Umschlagfoto  -- Eduard Hernsheim Wenn über den Kolonialismus des Deutschen Kaiserreiches gesprochen wird, dann ist oftmals nur die Rede von den Kolonien in Deutsch-Südwestafrika und Deutsch-Ostafrika. Dass Deutschland jedoch auch Kolonien bzw. Schutzgebiete im westlichen Pazifik besaß, entgeht heute der öffentlichen Aufmerksamkeit.

Jakob Anderhandt hat ein lange währendes Desiderat erfüllt und mit seiner monumentalen Biographie über Eduard Hernsheim und seine Handelsgesellschaft Hernsheim & Co eine Lücke in der historischen Forschung über den deutschen Südseehandel geschlossen.
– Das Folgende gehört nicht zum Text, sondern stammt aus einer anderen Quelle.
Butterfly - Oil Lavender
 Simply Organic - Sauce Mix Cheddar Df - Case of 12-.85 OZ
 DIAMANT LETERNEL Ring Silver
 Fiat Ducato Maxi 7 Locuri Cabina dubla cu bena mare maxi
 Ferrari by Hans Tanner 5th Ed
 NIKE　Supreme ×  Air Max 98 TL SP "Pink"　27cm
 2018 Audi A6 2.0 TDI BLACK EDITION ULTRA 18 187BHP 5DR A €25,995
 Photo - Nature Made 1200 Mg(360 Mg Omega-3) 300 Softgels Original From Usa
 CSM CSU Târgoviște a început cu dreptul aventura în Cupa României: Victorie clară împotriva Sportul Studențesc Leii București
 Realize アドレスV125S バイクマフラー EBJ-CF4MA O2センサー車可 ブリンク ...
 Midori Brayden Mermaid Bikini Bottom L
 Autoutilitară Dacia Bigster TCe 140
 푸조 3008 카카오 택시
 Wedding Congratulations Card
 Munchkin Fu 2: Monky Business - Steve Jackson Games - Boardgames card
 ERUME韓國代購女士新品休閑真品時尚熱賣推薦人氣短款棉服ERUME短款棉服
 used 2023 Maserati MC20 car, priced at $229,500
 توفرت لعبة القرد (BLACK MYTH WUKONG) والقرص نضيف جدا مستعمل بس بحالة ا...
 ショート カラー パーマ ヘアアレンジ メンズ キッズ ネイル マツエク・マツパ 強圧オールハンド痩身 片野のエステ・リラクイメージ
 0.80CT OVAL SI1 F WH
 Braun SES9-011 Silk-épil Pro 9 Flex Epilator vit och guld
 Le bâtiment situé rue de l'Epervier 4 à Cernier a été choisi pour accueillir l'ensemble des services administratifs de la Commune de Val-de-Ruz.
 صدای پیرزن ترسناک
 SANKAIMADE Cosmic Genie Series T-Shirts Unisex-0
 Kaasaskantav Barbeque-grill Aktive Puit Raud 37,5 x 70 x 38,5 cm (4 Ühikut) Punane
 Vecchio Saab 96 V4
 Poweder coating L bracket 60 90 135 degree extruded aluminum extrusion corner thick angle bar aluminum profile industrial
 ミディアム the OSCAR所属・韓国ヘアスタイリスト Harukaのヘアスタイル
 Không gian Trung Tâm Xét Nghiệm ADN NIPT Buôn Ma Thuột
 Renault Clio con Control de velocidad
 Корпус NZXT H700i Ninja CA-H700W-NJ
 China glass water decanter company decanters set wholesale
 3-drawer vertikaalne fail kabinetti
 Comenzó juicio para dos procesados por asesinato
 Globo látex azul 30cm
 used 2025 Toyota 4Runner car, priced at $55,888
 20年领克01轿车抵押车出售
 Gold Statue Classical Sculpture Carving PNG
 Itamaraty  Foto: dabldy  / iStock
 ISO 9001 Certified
Das 1875 von den Brüdern Franz und Eduard Hernsheim gegründete Unternehmen war ein Pionierunternehmen des deutschen Außenhandels in einem Teil von Ozeanien, der grob gezeichnet zwischen Australien und China liegt. Kurioserweise war eine im Jahr 1873 stattgehabte Schiffshavarie vor der japanischen Insel Typinsan der auslösende Faktor für die ersten Stationsgründungen Eduard Hernsheims. Bereits dies wirft ein bezeichnendes Licht auf den Unternehmer, dessen herausragende Eigenschaft die Suche nach dem jeweils Bestmöglichen unter Verwendung des gerade Vorhandenen war.

Bevor Hernsheim seinen gewinnbringenden Handel mit Kopra begann (getrocknetem Kernfleisch von Kokosnüssen, aus dem in Europa Öl gepreßt wurde), war er weniger erfolgreich in den Import von Seegurken nach Hongkong involviert, einer chinesischen Spezialität und Delikatesse. Mit dem später von ihm betriebenen Kopraexport stieß er gerade in Deutschland in eine Bedarfslücke, denn das gewonnene Öl war als geruchsfreier Brennstoff für Lampen und die Herstellung von Seifen und Kerzen ein begehrter Artikel des aufstrebenden Bürgertums und der jungen Industriewirtschaft.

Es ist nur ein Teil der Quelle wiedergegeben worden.